The Astro-Wise consortium has designed a new paradigm, "Awe", and implemented a fully scalable and distributed information system to overcome the huge information avalanche produced by science experiments. In contrast to a TIER node setting, Awe allows the end-user to trace the data product, following all its dependencies up to the raw observational data and, if necessary, to re-derive the result with better calibration data and/or improved methods: "Awe target processing". This is achieved by:
  • emphasis on project management and documentation
  • translating the data model to an object model stored in a database
  • having all I/O reside in a distributed database, containing all metadata of bulk data, parameter values and catalogues
  • connecting to the database a federated file server that stores 100s hundreds of Terabytes of bulk data
  • an own Awe compute-GRID which sends jobs to parallel clusters, which then request data from the database.
The database architecture allows tools for rapid trend analysis, complex queries and fast hunting in Terabyte-sized catalogues. Thus, the system provides the user with transparent access to all stages of the data processing and thereby allows the data to be re-processed and add knowledge to the system, the Awe paradigm. All system components are distributed over Europe, enabling research groups to collaborate on shared projects. The web portal includes data viewing, quality labelling and compute-services.

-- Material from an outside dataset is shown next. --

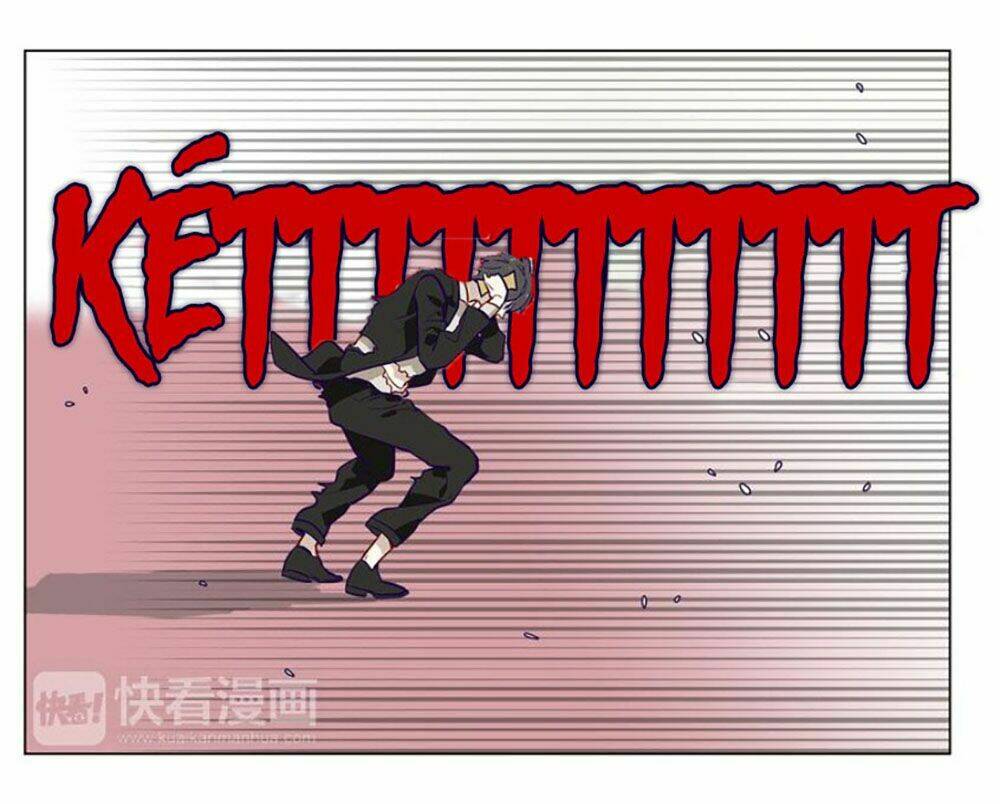 Hoa Đạo Sĩ: Chapter 7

Astro-Wise is currently being operated mainly for astronomy. The Astro-Wise system will be connected to the Virtual Observatory via the Euro-VO, and publishing is effectively done by raising a flag by the Awe administrator. At the moment, researchers use Awe with 10's Tbyte of image data. 100s of Tbytes of data will start entering the system when the OmegaCAM camera starts operations in Chile. Several large surveys plan to use Awe: for example, the 1500 Square Degree KIDS Survey (Kuijken et al), the Vesuvio Survey of nearby superclusters, the OmegaWhite white dwarf binary survey and OmegaTrans search for variables.